Two schools to undergo restructuring

April 01, 2006|By ROBERT SNYDER


All teachers at two Washington County schools must reapply for their jobs next year under a restructuring plan the school system announced in a press release Friday afternoon.

Winter Street Elementary and Western Heights Middle schools are slated for restructuring for the 2006-07 school year as part of a plan to accelerate student performance and improve professional development of teachers there, schools' Public Information Officer Carol Mowen said.

"Over the last three years, certain schools have been identified by the Board of Education and the schools' superintendent to be in need of intensive staff development," Mowen said.


She said the change will bring with it a longer school day and more collaborative responsibilities, but will mean an increase in pay for those teachers who are rehired to their present positions.

"The only way to give teachers increased compensation is to have those jobs reposted and for the staff to reapply," Mowen said.

Teachers rehired for their present positions for the new school year will receive $5,000 annual salary increases while the restructuring is in effect, according to the release.

Schools Superintendent Elizabeth Morgan could not be reached for comment. In the release, Morgan said the restructuring plan provides a framework for staff to renew their commitment to professional development.

Teachers who are not rehired to their present jobs will be placed in another position in the school system, according to the release.

Washington County Teachers Association President Claude Sasse was unavailable for comment.

The restructuring plan is the county's third in as many years.
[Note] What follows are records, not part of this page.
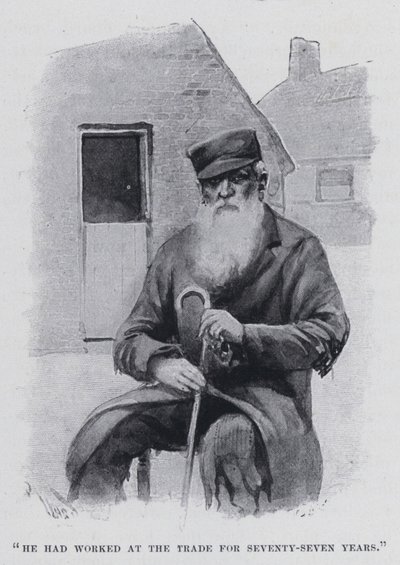 „Pracował w rzemiośle przez siedemdziesiąt siedem lat” (zdjęcie czarno-białe) autorstwa Harold Hume Piffard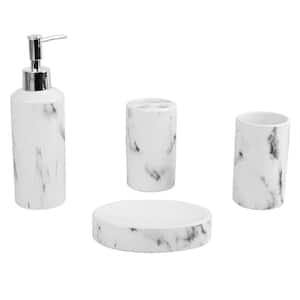 Marble Ceramic 4 Piece Bath Accessory Set in White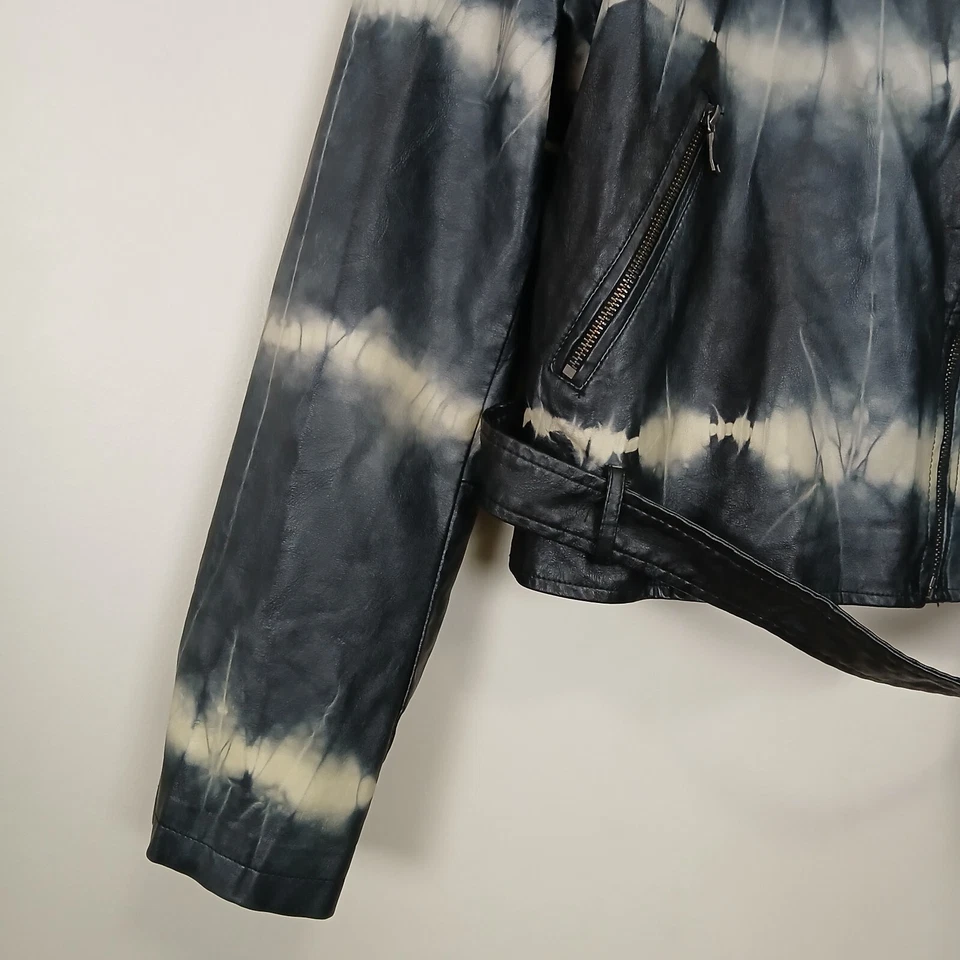 Рок и республика искусственной кожи куртка женщин большой Moto галстук краситель мотоциклиста гранж панк - Изображение 3 из 4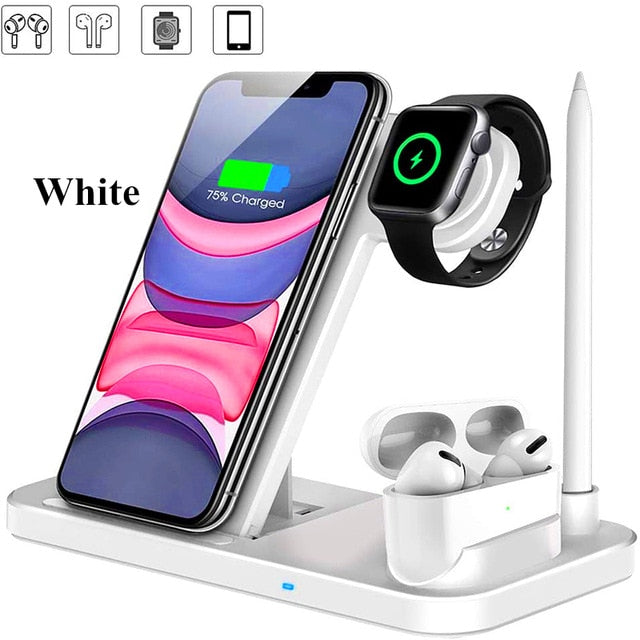 4 in 1 Wireless Charger QI 10W Fast  Charging Dock Stand For iphone 11 Pro 8 XR XS For Apple Watch 5 4 Airpods Pro Pencil Charge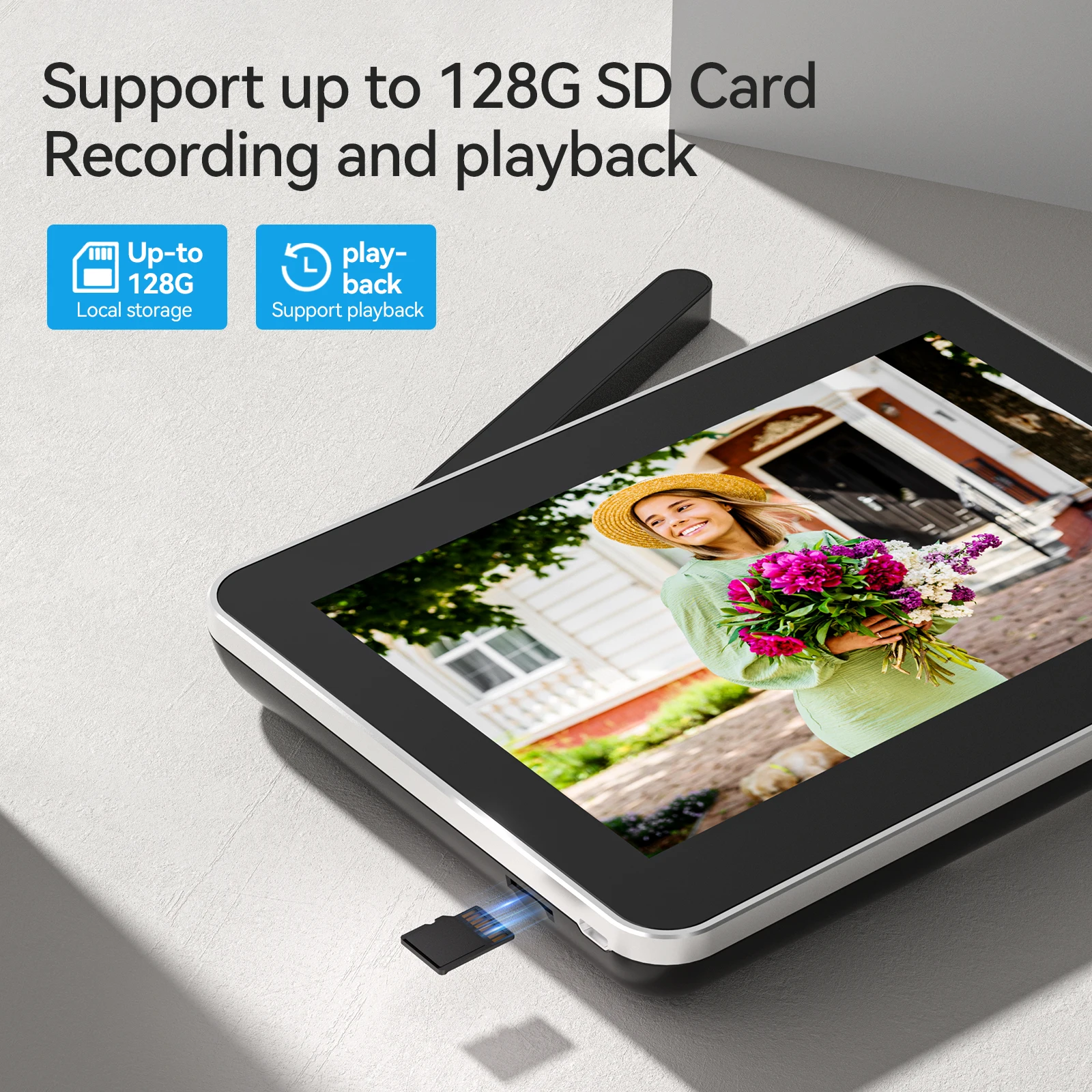 TMEZON Wire-free Real Wireless Video Door Phone 7" Touch Screen Monitor with 1080P Doorbell Support Remote Unlock Monitor Tuya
In 2003, Eastern Elementary School was restructured, with about half of that school's teaching staff rehired for their jobs. Last year, teachers at Bester Elementary School and math and English instructors at South Hagerstown High School also were made to compete for their positions under school improvement initiatives.

Mowen said that under the federal No Child Left Behind Act, schools must meet certain measurable objectives in order to be designated as having achieved adequate yearly progress. Both Winter Street and Western Heights met those objectives this year, Mowen said.